Today I Begin Forever

angeljaide

Full Member
I'm not new...either to losing weight or to this forum. I've been here before. I've started and re-started several times. I feel almost embarrassed to be back here saying that 'this is it, this is the last time' because, well, let's face it, I've said it before! And don't get me wrong, when I said it, I meant it, really and truly meant it! That's the most embarrassing part. That I failed, when I was so sure I would succeed. That I let food become more important to to me than my self-esteem, my self-worth, my relationship with myself and others and even my hopes and dreams for the future, not to mention my health!

My original weight loss journey began in February 2008, at a Weight Watchers meeting in my home village, when I stood on scales that told me that I was 17 stone 12lb, just over 7 stone too much for my 5ft 4in frame.

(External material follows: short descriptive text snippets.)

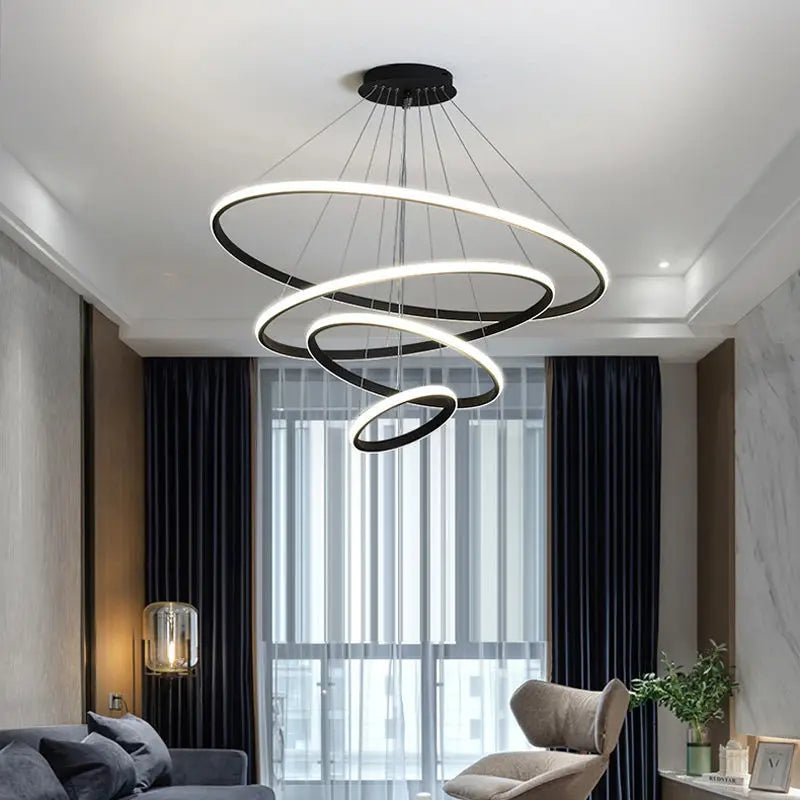DecorBites™ Modern LED Ring Pendant Chandelier - Black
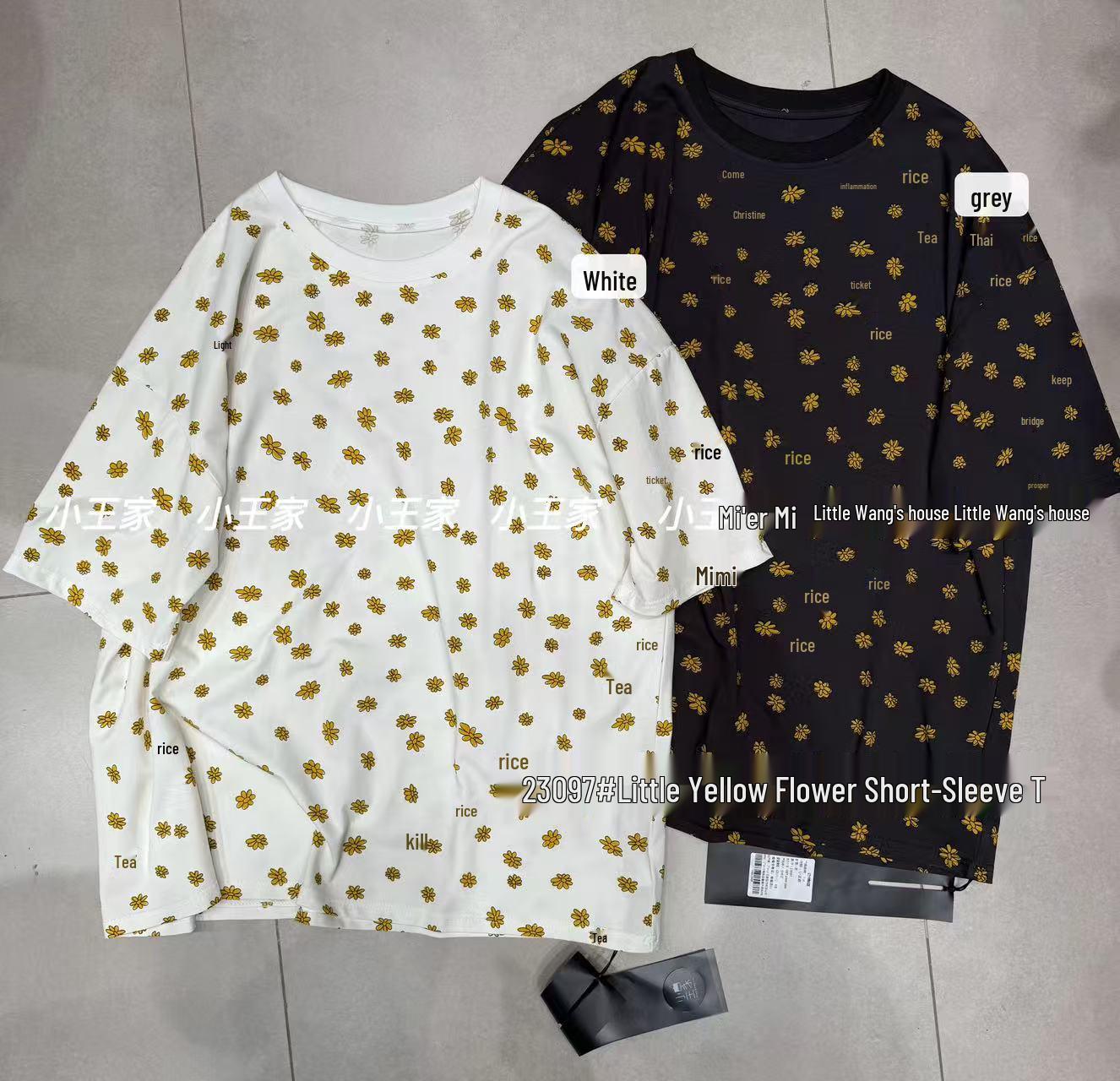 

Новая повседневная футболка большого размера в корейском стиле от Сяо Вана на 2023 год с принтом One Size белый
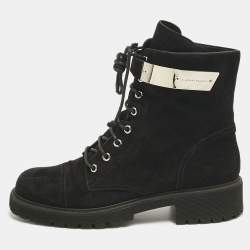 Pre Owned Giuseppe Zanotti Black Suede Kommando Combat Boots Size 40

I felt ashamed but determined and while it wasn't smooth sailing, by July 2009 I'd reached 14 stone 8ln, a 3 stone 3lb weight loss. Slow, but steady. Then, I stopped going to Weight Watchers. I don't know why and by August 2012, one year later, I weighed in at 17 stone 2lb, a mere 10lb less than when I originally started. Then I met the man I want (hope) to spend the rest of my life with. He was amazing, gorgeous, wonderful...and an athlete! It was my best dream and worst nightmare combined - a wonderful man, but one who was fit and healthy. I wondered what on earth he could see in me, a fat, frumpy girl with no fashion sense and a whole stack of issues! But he saw something and we're still together now. Partly because of my new relationship and partly because finding 'the one' meant I could finally imagine things like maybe being a bride and a mother as more a reality than a hopeless dream, I started trying to lose weight again. I didn't join a club or anything - I just decided to try going to the gym and eating a bit better. By July this year I had managed to lose 4 stone 6lb to reach 12 stone 10lb, just 2 stone from the goal weight of 10 stone 9lb I set myself. And to boot, I even finished my first Triathlon! Me! The Fat, Frumpy Girl :)

However (you knew this was coming otherwise why would I be here?!!!) since July, I’ve managed to completely lose the plot and gain back 1 stone 1lb, taking me up to 13 stone 11lb. This yo-yo weight loss and gain has to stop. I need to get my head sorted out, work through my ‘issues’ and lose the last 3 stone and 2lb I’m carrying around which puts my health and happiness at risk.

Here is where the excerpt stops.